Родители Николая Штерна были людьми не то чтобы богатыми, но и бедными их было назвать никак нельзя. У них был свой дом, счет в банке и небольшое поместье. Двести десятин земли, конечно, не латифундия, но, сдавая их в аренду, они имели верных шестьсот рублей в год, что вкупе с жалованьем отца позволяло с уверенностью смотреть в будущее. Единственного сына они любили и баловали, отчего он, вероятно, и вырос немного шалопаем. Его решение пойти в армию не слишком их обрадовало, но с другой стороны, желание сражаться за правое дело говорило об известной зрелости их отпрыска. Тем не менее они не оставляли его своими заботами и время от времени посылали ему денег. Так что, получив очередное извещение о переводе, Николаша ничуть не удивился.

– Ну что, братцы, гуляем! – радостно заявил он приятелям, засовывая извещение в карман.

– Мне право неудобно, – попытался отказаться Алексей, но тут же получил тычок в бок от Дмитрия.

– Слышь, ты точно студентом был?

– Да, – удивился Лиховцев, – а отчего ты спрашиваешь?

– Студент, а простой истины не знаешь!

– Да какой же?

– На халяву и уксус сладок!

Что такое «халява», Алеша не знал, но догадаться было немудрено, и потому он попробовал возмутиться, – Дмитрий, как вам не стыдно!

– Стыдно у кого видно.

– Браво! – захохотал Штерн. – Вы, мон шер, каждый раз удивляете меня своим остроумием, а это немногим удавалось.

– Учитесь, пока я жив.

– Обязательно. Ну, так вы со мной?

– Всенепременно. Кстати, если Алешка все же откажется, меня это несильно расстроит.

– Почему?

– Нам больше достанется!

– Учитесь, Алексей, вот здравый взгляд на мир.

– Вы куда? – высунулся откуда-то из-за угла Шматов.

– В штаб полка, – отрезал Будищев, – приказ командира.

– Я с тобой…

– Еще чего! Полковник увидит твою рожу и сразу вспомнит, кто сапоги на смотре потерял! Чего доброго на гауптвахту определит, ну и нас с тобой заодно.

 

– Да ладно вам, Дмитрий, – засмеялся Николаша, – не стоит так пугать нашего друга. Тем более что в тот памятный день весьма многие лишились обуви.

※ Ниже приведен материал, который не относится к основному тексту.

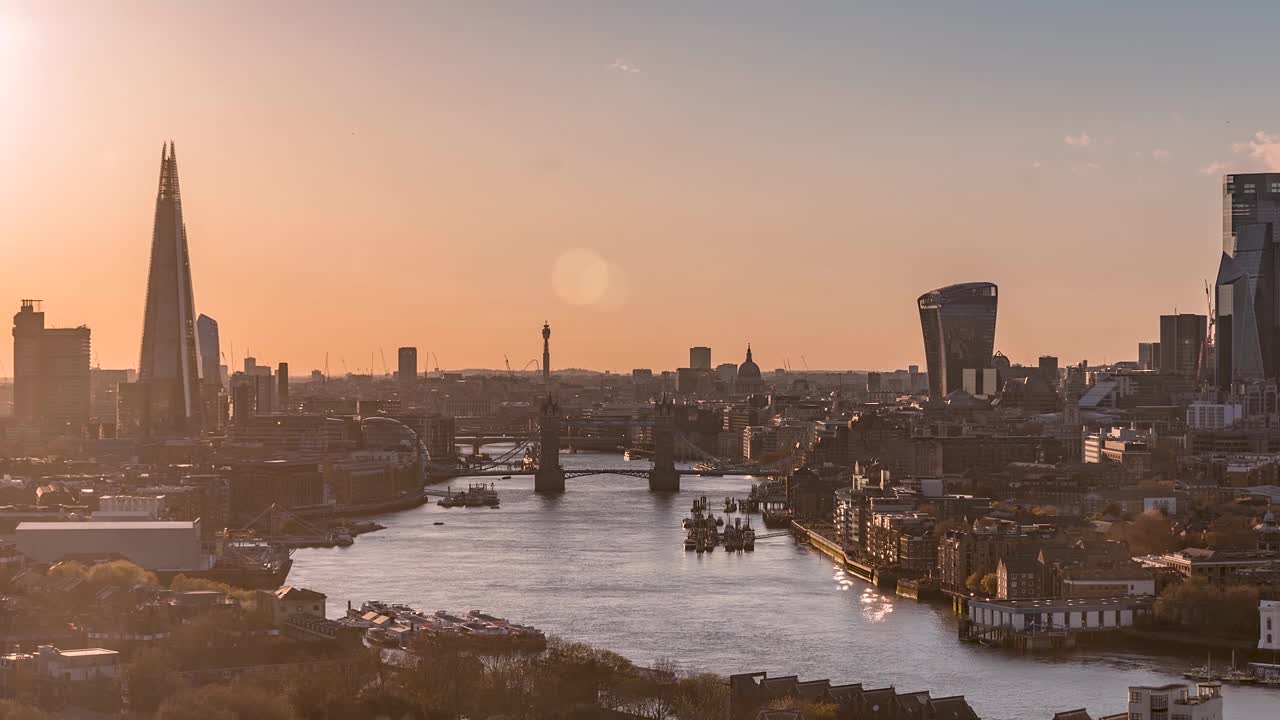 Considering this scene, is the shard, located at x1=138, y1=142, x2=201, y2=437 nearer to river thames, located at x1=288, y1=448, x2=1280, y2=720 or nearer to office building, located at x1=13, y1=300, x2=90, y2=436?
office building, located at x1=13, y1=300, x2=90, y2=436

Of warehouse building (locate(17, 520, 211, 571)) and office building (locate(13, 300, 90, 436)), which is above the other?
office building (locate(13, 300, 90, 436))

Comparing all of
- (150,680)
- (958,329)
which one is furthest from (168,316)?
(150,680)

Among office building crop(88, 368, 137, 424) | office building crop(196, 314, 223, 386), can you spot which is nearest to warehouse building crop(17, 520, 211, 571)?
A: office building crop(88, 368, 137, 424)

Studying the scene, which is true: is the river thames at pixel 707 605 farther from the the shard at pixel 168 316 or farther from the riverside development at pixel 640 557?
the the shard at pixel 168 316

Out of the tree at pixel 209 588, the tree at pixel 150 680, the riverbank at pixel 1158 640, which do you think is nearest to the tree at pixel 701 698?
the tree at pixel 150 680

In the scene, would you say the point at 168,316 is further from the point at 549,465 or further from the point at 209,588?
the point at 209,588

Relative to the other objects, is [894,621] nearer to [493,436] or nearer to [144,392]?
[144,392] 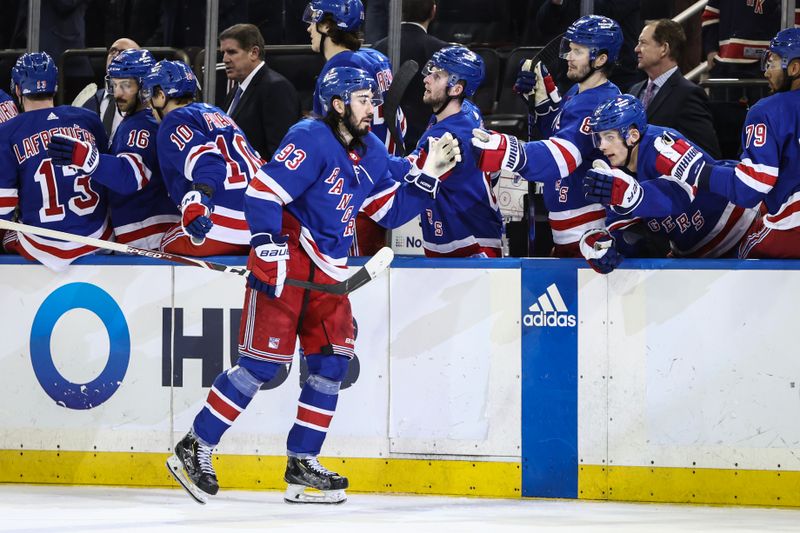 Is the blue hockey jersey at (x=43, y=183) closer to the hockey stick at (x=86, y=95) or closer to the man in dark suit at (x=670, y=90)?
the hockey stick at (x=86, y=95)

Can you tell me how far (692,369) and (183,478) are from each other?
1849 millimetres

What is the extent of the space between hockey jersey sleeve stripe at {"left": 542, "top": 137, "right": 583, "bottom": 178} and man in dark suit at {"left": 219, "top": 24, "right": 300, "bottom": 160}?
1516 mm

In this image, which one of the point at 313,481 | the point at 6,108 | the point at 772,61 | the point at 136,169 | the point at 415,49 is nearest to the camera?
the point at 313,481

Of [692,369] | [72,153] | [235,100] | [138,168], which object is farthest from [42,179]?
[692,369]

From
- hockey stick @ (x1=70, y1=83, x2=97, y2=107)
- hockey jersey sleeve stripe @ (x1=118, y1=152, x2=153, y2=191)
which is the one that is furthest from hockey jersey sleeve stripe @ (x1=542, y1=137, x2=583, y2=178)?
hockey stick @ (x1=70, y1=83, x2=97, y2=107)

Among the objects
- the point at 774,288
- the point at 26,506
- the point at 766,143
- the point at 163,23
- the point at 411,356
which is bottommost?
the point at 26,506

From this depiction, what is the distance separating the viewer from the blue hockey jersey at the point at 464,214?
518cm

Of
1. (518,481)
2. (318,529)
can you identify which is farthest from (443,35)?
(318,529)

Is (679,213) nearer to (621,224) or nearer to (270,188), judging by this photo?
(621,224)

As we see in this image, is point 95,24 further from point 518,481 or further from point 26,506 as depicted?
point 518,481

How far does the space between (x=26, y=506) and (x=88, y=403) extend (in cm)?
68

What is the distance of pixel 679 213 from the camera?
485cm

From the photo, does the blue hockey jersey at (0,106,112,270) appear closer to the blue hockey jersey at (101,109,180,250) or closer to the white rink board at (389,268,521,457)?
the blue hockey jersey at (101,109,180,250)

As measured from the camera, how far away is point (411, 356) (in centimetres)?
499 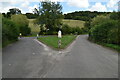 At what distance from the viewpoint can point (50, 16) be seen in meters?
64.6

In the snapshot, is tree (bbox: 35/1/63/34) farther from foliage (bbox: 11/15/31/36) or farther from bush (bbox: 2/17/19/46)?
bush (bbox: 2/17/19/46)

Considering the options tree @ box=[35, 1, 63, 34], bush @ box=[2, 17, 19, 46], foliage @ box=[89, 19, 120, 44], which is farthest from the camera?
→ tree @ box=[35, 1, 63, 34]

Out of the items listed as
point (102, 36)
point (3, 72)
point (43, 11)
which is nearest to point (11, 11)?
point (43, 11)

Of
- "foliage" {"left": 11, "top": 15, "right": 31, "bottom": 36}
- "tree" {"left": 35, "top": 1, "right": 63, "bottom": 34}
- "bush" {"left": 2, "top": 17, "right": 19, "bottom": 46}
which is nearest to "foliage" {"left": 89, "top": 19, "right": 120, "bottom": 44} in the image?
"bush" {"left": 2, "top": 17, "right": 19, "bottom": 46}

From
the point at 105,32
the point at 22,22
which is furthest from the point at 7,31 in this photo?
the point at 22,22

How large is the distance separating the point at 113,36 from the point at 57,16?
46.5 m

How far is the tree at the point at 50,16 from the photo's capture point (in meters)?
65.2

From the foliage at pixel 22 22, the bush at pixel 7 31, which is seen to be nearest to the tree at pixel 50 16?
the foliage at pixel 22 22

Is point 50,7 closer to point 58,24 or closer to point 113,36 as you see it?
point 58,24

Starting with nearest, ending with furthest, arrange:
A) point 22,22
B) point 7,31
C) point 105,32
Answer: point 7,31 → point 105,32 → point 22,22

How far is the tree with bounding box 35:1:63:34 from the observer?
65.2 meters

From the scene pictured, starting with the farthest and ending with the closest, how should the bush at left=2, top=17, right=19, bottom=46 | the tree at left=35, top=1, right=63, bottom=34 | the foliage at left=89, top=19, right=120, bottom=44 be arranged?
the tree at left=35, top=1, right=63, bottom=34 < the foliage at left=89, top=19, right=120, bottom=44 < the bush at left=2, top=17, right=19, bottom=46

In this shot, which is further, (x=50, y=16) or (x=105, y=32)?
(x=50, y=16)

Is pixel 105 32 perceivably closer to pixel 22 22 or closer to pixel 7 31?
pixel 7 31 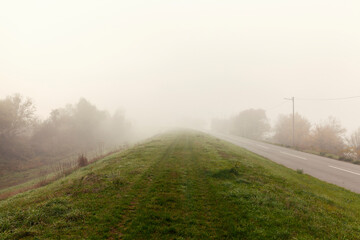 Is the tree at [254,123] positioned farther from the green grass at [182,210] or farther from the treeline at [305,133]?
the green grass at [182,210]

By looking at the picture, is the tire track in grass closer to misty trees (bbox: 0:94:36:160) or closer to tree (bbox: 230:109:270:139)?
misty trees (bbox: 0:94:36:160)

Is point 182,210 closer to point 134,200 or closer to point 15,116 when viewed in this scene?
point 134,200

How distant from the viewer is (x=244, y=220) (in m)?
5.78

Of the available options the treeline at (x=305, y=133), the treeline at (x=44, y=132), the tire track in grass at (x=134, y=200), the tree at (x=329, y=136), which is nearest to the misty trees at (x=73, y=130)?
the treeline at (x=44, y=132)

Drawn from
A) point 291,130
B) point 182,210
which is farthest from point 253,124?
point 182,210

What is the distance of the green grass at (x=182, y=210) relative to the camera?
5.07 m

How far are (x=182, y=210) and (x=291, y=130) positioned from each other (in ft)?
209

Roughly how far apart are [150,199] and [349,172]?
64.4ft

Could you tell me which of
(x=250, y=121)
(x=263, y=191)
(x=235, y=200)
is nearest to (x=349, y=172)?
(x=263, y=191)

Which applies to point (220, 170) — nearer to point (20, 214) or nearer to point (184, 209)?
point (184, 209)

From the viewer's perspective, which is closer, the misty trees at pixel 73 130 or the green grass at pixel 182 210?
the green grass at pixel 182 210

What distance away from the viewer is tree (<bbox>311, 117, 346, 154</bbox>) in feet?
134

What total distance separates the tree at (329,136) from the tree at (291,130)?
9.03ft

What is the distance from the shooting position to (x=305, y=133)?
50375 millimetres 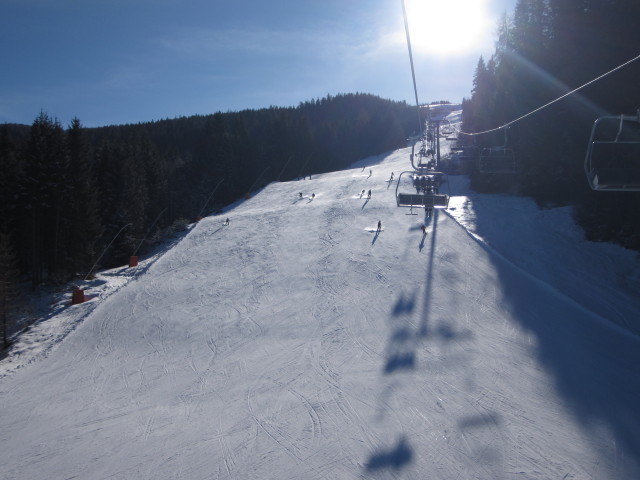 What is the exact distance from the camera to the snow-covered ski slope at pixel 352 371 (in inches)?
362

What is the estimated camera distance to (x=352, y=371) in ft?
41.7

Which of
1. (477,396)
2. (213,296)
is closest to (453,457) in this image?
(477,396)

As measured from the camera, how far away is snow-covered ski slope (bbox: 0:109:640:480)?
30.2ft

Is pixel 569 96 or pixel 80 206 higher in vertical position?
pixel 569 96

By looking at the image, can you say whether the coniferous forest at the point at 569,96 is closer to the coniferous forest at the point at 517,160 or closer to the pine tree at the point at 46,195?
the coniferous forest at the point at 517,160

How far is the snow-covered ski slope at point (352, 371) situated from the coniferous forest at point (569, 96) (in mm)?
2232

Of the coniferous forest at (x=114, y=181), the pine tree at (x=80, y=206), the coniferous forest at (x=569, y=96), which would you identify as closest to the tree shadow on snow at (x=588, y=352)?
the coniferous forest at (x=569, y=96)

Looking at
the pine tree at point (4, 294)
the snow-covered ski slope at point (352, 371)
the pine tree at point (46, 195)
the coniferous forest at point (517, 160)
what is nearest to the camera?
the snow-covered ski slope at point (352, 371)

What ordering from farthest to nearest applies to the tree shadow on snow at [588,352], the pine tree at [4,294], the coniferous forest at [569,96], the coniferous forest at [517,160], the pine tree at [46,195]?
1. the pine tree at [46,195]
2. the coniferous forest at [517,160]
3. the coniferous forest at [569,96]
4. the pine tree at [4,294]
5. the tree shadow on snow at [588,352]

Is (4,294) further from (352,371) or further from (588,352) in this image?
(588,352)

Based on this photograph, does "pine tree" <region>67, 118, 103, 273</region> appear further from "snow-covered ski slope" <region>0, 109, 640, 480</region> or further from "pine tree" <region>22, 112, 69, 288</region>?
"snow-covered ski slope" <region>0, 109, 640, 480</region>

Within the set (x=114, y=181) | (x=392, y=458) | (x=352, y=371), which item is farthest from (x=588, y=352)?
(x=114, y=181)

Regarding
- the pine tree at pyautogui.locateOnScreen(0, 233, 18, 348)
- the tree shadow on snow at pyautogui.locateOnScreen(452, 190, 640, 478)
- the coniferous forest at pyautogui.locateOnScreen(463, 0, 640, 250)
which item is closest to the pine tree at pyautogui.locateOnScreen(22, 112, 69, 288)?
the pine tree at pyautogui.locateOnScreen(0, 233, 18, 348)

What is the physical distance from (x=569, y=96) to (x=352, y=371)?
21.5 m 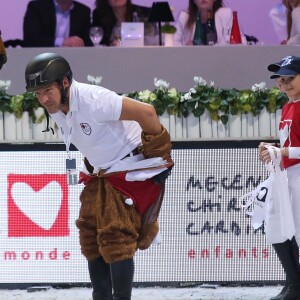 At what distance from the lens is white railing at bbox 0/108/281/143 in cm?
688

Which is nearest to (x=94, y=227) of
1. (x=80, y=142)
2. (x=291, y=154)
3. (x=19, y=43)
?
(x=80, y=142)

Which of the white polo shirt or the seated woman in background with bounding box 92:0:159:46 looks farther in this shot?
the seated woman in background with bounding box 92:0:159:46

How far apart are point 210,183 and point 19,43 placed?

– Весьма многие ее потом нашли, а вот Федька свои совсем пролюбил!

– Как вы сказали?

– Как обычно! Серьезно говорю, не стоит его с собой брать, он нас плохому научит.

– Ну чего ты, Граф! – заканючил Шматов.

– Право же, – не выдержал Лиховцев, – если в нашей компании кто-то и способен сбить человека с пути истинного, то это как раз вы!

– Да, а кто меня давеча чуть в бордель не затащил?

– Куда?

– В публичный дом! Причем весьма низкопробный.

– Но каким образом?

– Граф, ну чего ты, ну ошибся я! – покраснел Федька.

– Кстати, а как вы определили «низкопробность»? – живо заинтересовался происшествием Штерн.

– Бабы страшные! И у каждой на морде лица написано – осторожно, СПИД!

– Что, простите, написано? Кто спит?

– Инфекция дремлет, от сифилиса до трипера!

– Фу, какая гадость!

– Вот именно, а этот олух царя небесного заныл, дескать, давай зайдем, никогда не видел!

– И чем же закончилась сия авантюра?

– Мы позорно бежали!

– Ах-ха-ха, – зашелся в смехе Николаша. – Алексей, вы теперь как хотите, но непременно должны пойти с нами. Иначе наша нравственность может непоправимо пострадать!

Увольнение для вольноопределяющихся дело самое обычное, можно даже сказать пустяковое. В принципе, будь у них такое желание, они могли даже ночевать на съемной квартире. Так что Штерн и Лиховцев получили отпускные записки без малейшей проволочки. Что же касается Будищева и Шматова, так это совсем другое дело. Новобранцам, по здравому рассуждению, вообще ходить в увольнение не положено. Правда, Дмитрий с неразлучным Федькой уже неоднократно бывал в Бердичеве по всяким поручениям, да пару раз Галеев взял грех на душу и отпустил их. Тем паче что вернулись друзья не с пустыми руками и про своего благодетеля – унтера – не забыли. Но надо же, в конце концов, и честь знать!

– Чего это ради, барчук, я этих двух орлов отпустить должен? – хмуро спросил Северьян у пришедшего договариваться с ним Штерна.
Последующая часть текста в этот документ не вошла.